[The data — start]

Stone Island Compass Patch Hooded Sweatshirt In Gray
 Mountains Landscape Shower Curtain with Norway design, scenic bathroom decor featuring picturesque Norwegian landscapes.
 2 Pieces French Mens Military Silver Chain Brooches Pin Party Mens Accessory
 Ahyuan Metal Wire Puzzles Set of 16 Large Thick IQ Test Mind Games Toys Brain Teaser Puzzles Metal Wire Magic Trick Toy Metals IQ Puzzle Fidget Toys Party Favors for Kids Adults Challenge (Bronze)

[The data — finish]

- Problem to work on -
From the first line to the last, reproduce the data above exactly.

- Answer to this problem -
Stone Island Compass Patch Hooded Sweatshirt In Gray
 Mountains Landscape Shower Curtain with Norway design, scenic bathroom decor featuring picturesque Norwegian landscapes.
 2 Pieces French Mens Military Silver Chain Brooches Pin Party Mens Accessory
 Ahyuan Metal Wire Puzzles Set of 16 Large Thick IQ Test Mind Games Toys Brain Teaser Puzzles Metal Wire Magic Trick Toy Metals IQ Puzzle Fidget Toys Party Favors for Kids Adults Challenge (Bronze)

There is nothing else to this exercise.